Actually, the finding is to gather the interesting errors (including long s, misrecognized, ...) together, and appear on the top of the datasets. It is far beyond long S words,
though the long S words is an outstanding case here. More interesting and complexed, there exists several phenomena parallelled-functioned on one word.
- Effectively gather the interesting errors (e.g. long S words) together.
- The more interesting is that these words will appear on the top of datasets.
I use my own visualization online service to show.
Δ I am thinking, if we know how it is misrecognized, we will know how it is corrected in the datasets.

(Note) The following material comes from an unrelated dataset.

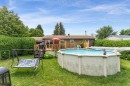 Lot - 911 Rue Cowie, Granby, QC  - Outdoor With Above Ground Pool With Backyard 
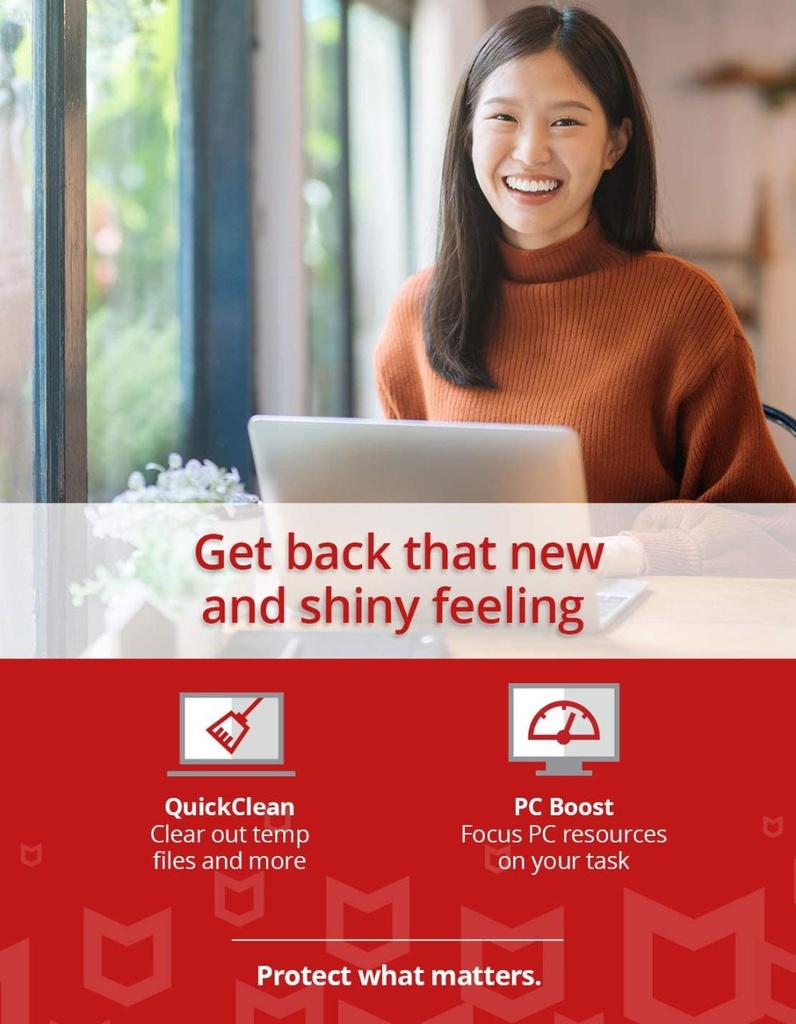McAfee Total Protection og VPN þjónusta - Árs áskrift, allt að 5 tæki, digital - image 8 [29ffc804cf]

Assuming that one in a thousand is misrecognized, that will be a billion errors.
Example: Top10 by my algorithm
thefe, fuch, fome, moft, muft, firft, fhould, himfelf, againft, themfelves
Example: Top20 by my algorithm
thefe, fuch, fome, moft, muft, firft, fhould, himfelf, againft, themfelves, faid, alfo, prefent, becaufe, feveral, fay, laft, lefs, ufe
Example: Top30 by my algorithm
thefe, fuch, fome, moft, muft, firft, fhould, himfelf, againft, themfelves, faid, alfo, prefent, becaufe, feveral, fay, laft, lefs, ufe, whofe, fo, ftill, reafon, leaft, fet, fince, juft, beft, development
Here the last "development" is a different case.
Example: Scanning issue - l to 1
In the top100 words, there are two words totally unbelonging to the long S words: development, normal.
And some long S words are affected by this, like class, solution.
Example: Scanning issue - i to 1
In the top200 words, there are several words totally unbelonging to the long S words: economic, anything, everything.
Example: Scanning issue - y to g
In the top200 words, two words - anything and everything are also affected by this.
Example: Scanning issue - g to y
In the top200 words, two words - Figure and groups are also affected by this. But I am not very sure, still need to verified.